China was also blamed for the scarcity of fish in the river because fish cannot swim through its dams.
China reasoned that its hydropower reservoirs are too small to keep back a huge volume of water. Moreover, they can help maintain water in the river at a constant level and prevent floods. The Chinese spokesmen conceded that it is important to have statistics about these dams. Data about water levels on the Lan Xang before and after the construction of the dams has not been released.
MRC Managing Director Jeremy Bird commented that this is the first time China has agreed to share data with downstream countries.

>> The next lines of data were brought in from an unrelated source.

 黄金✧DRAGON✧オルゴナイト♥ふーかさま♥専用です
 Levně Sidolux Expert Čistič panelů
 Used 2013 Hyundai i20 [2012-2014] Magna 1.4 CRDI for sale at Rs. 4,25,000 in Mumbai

On the margins of the Mekong River International Conference, the acting director of Vietnam’s Southern Irrigation Planning Institute, Nguyen Ngoc Anh, expressed his view that the problem is not only unfortunate weather. China’s management of hydro-power reservoirs has exacerbated current problems, Anh said.
“Any activity in the Mekong River upstream impacts the downstream. Dams which hold water will make certain impacts, including impacts during impoundment of the water or impacts during operation of the dams. In 2003, as soon as China completed the construction of its Manwan Dam, Laos complained about drought caused by this work,” he said.
In 1986-1993, China built the Manwan Dam without consulting any of the downstream countries. It refused invitations to join the MRC, now would it provide information about projects on the upstream sections of the Mekong River.
It’s commitment at the MRC summit to cooperate is good, but experts say that China needs to do more than make promises.